Problem:
From the line below that contains "Решение 2. номер" to the line that contains "Πρωτοσέλιδο εφημερίδας Finance", repeat every line exactly, both ends included, and nothing else.

Source data:

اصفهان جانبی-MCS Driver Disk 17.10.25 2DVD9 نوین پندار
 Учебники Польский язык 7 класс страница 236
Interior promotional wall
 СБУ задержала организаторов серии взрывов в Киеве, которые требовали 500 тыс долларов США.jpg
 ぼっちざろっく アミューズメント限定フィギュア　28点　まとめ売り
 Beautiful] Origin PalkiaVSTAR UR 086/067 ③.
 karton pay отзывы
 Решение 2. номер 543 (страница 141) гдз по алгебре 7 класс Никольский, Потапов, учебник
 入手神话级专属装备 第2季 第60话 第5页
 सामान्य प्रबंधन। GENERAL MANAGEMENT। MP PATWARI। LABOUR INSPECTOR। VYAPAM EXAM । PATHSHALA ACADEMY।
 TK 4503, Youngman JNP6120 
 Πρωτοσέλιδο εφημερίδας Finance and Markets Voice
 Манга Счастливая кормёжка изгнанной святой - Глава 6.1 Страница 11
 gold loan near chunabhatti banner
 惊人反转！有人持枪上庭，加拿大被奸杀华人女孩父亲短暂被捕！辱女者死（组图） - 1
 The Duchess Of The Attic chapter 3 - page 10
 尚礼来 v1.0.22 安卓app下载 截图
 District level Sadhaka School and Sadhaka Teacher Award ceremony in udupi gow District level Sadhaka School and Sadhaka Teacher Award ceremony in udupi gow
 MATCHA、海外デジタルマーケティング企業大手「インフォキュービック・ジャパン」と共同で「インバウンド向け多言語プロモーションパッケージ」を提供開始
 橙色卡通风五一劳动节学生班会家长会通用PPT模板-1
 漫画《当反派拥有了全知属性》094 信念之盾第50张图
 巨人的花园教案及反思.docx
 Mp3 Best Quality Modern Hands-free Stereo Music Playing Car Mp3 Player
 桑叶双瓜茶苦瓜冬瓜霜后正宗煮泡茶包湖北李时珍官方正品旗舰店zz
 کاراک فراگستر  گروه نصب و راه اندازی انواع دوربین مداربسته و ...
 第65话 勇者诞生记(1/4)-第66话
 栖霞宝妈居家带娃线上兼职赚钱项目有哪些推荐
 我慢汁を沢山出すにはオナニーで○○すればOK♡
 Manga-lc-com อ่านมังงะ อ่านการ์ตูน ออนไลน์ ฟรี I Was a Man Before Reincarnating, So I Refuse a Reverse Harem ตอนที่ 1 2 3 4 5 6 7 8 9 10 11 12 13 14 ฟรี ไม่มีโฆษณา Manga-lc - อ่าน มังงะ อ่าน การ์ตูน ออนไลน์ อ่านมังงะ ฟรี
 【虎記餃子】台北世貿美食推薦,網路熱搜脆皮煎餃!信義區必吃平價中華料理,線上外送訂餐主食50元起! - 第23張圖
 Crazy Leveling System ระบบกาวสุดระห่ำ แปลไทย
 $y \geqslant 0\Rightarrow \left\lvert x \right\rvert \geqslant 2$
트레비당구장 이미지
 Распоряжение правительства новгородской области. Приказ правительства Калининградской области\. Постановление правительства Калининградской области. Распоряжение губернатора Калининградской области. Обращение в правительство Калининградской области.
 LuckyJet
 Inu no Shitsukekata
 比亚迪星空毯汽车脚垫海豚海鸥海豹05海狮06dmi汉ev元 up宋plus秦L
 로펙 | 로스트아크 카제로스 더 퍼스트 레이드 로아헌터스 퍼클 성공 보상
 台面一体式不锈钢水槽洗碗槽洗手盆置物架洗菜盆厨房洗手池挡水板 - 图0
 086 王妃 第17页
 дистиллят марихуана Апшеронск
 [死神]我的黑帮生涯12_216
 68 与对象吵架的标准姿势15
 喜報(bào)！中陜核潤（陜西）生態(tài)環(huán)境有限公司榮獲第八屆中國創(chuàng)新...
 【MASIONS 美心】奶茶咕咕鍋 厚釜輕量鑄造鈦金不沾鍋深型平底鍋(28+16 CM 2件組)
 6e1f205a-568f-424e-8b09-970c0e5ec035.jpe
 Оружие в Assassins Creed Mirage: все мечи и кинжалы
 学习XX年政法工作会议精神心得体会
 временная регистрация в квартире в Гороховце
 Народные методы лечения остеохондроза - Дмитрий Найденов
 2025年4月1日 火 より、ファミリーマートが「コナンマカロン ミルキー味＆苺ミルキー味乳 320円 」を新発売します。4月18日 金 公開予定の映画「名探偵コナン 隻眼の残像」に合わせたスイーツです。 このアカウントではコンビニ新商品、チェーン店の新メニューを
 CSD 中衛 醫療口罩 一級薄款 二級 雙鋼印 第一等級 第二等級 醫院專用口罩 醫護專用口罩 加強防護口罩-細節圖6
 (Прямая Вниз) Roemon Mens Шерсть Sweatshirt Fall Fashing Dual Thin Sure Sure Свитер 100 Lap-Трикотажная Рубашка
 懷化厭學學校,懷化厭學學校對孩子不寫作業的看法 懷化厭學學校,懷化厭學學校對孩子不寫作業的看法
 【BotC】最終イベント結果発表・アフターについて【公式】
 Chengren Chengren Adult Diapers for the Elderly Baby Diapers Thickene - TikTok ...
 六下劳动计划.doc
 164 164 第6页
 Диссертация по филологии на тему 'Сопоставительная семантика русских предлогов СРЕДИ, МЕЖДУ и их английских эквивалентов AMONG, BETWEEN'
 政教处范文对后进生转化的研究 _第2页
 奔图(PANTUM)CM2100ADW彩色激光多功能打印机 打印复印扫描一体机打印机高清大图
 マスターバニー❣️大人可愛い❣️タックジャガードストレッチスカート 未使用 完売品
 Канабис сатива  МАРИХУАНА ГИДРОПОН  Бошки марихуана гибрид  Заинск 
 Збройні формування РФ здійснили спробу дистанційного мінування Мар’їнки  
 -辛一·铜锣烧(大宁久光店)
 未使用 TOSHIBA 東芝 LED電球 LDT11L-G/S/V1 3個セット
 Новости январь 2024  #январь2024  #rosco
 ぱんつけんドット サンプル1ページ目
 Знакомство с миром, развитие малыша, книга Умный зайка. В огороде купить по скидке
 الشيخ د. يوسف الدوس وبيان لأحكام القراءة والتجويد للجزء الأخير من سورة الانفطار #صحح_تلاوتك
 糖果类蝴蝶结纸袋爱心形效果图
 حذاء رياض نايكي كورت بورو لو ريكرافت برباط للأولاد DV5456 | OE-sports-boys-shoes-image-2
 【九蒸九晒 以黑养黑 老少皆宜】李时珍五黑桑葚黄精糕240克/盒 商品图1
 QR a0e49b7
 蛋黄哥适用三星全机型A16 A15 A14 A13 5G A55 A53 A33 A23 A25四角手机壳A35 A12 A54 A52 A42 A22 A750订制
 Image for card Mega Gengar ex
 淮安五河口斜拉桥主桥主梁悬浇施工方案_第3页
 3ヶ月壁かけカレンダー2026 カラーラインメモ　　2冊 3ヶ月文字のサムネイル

Written answer:
 Решение 2. номер 543 (страница 141) гдз по алгебре 7 класс Никольский, Потапов, учебник
 入手神话级专属装备 第2季 第60话 第5页
 सामान्य प्रबंधन। GENERAL MANAGEMENT। MP PATWARI। LABOUR INSPECTOR। VYAPAM EXAM । PATHSHALA ACADEMY।
 TK 4503, Youngman JNP6120 
 Πρωτοσέλιδο εφημερίδας Finance and Markets Voice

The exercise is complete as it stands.